Making a fortune with paperclips and pixels

In August 2005, I got an email from a guy named Kyle MacDonald. He wrote to tell me how much he’d enjoyed reading my article about the paperclip and asked me to check out his Web site, called One Red Paperclip.

About a month earlier, Kyle had launched a project in which his goal was to trade one red paperclip for something of slightly higher value, and then trade that thing for something even more valuable, and so on until he eventually owned a house, or a private island, or something else so valuable he was unlikely to go any further.

As most of the world has probably heard by now, Kyle did indeed succeed in going from a paperclip to a house as a result of just 14 trades over the course of one year. As each trade landed him a more valuable asset, his project attracted more media coverage, which in turn induced people to trade even bigger-ticket items and thereby share his publicity.

Yet another noteworthy news story from August 2005 was the launch of the Million Dollar Homepage. A fellow by the name of Alex Tew wanted to raise money to pay for his college education, and he decided to round the figure up to a nice even million dollars. He put up a Web page with 10,000 tiny squares—each square 10 pixels by 10 pixels—and sold advertising space in these squares at $1 per pixel (in 100-pixel blocks). One million pixels would, he hoped, generate one million dollars. Of course, you can’t put much of an ad in a 100-pixel square (though quite a few advertisers bought larger ads consisting of multiple contiguous blocks), but the idea was that no matter what you put in the space you’d bought, you’d get a great return on your investment, because the popularity of the site would lead to a great many clicks.

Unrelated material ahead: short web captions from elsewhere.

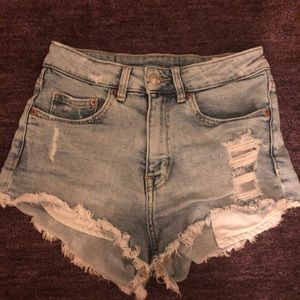 high waisted jean shorts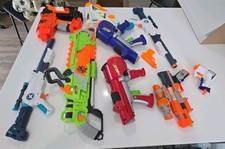 Nerf Blaster Lot w/ Darts & Targets Mixed Mod...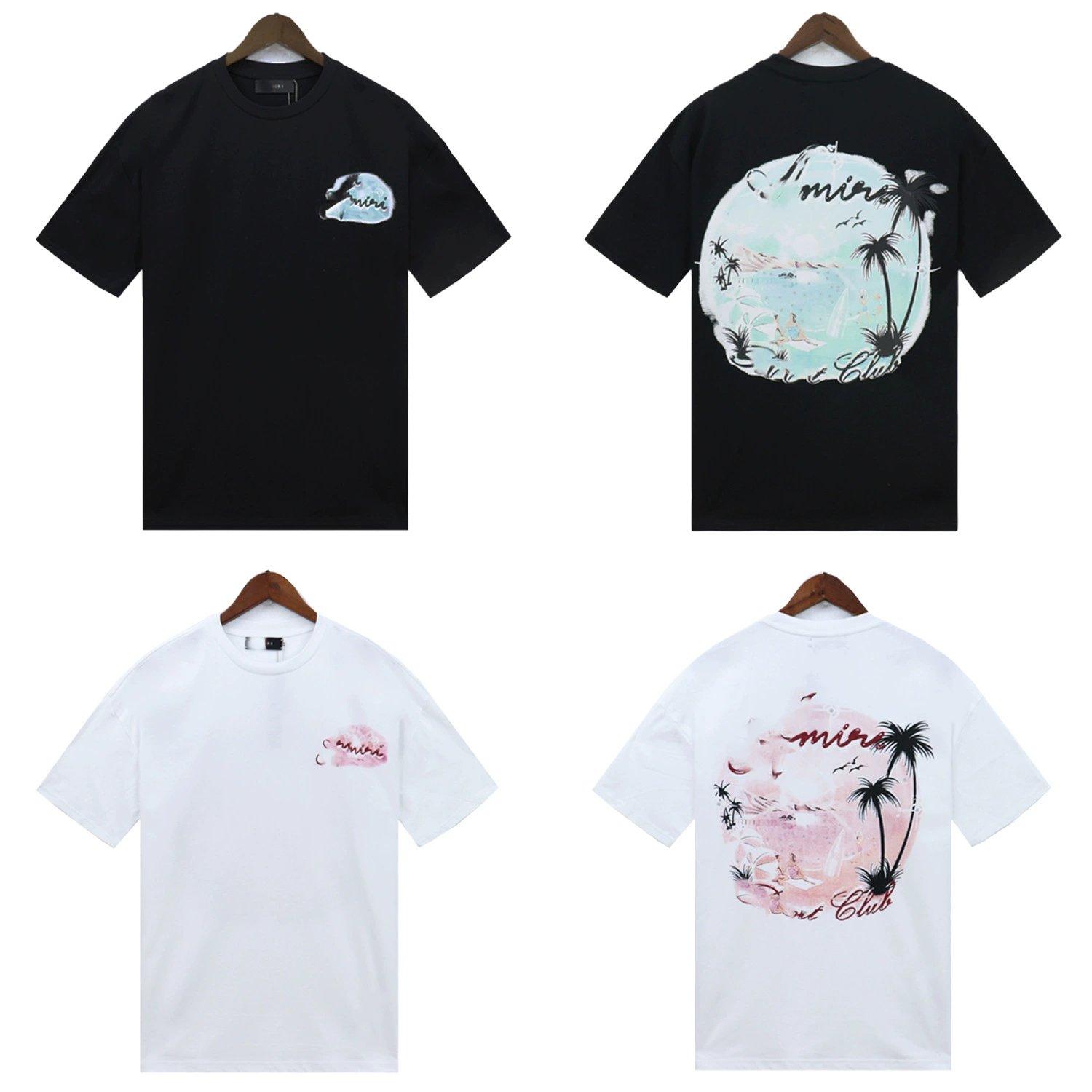 Европейская и американская AMIRI Венеция-Бич аэрографы футболка мужская летняя пара с круглым вырезом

Alex’s bet paid off: the sheer audacity of his undertaking gave his site enormous publicity, and he ended up selling all the pixels on the page in just a few months—making just over $1 million, since the last thousand pixels were auctioned off for higher than the standard rate.

These two sites are good examples of viral marketing: roughly, the idea that something effectively advertises itself by word of mouth, spreading rapidly—like a virus—because people are so keen to pass on the information without any outside inducement. Viral marketing is nothing new; everything from razor blades to Tupperware has benefitted from word-of-mouth advertising.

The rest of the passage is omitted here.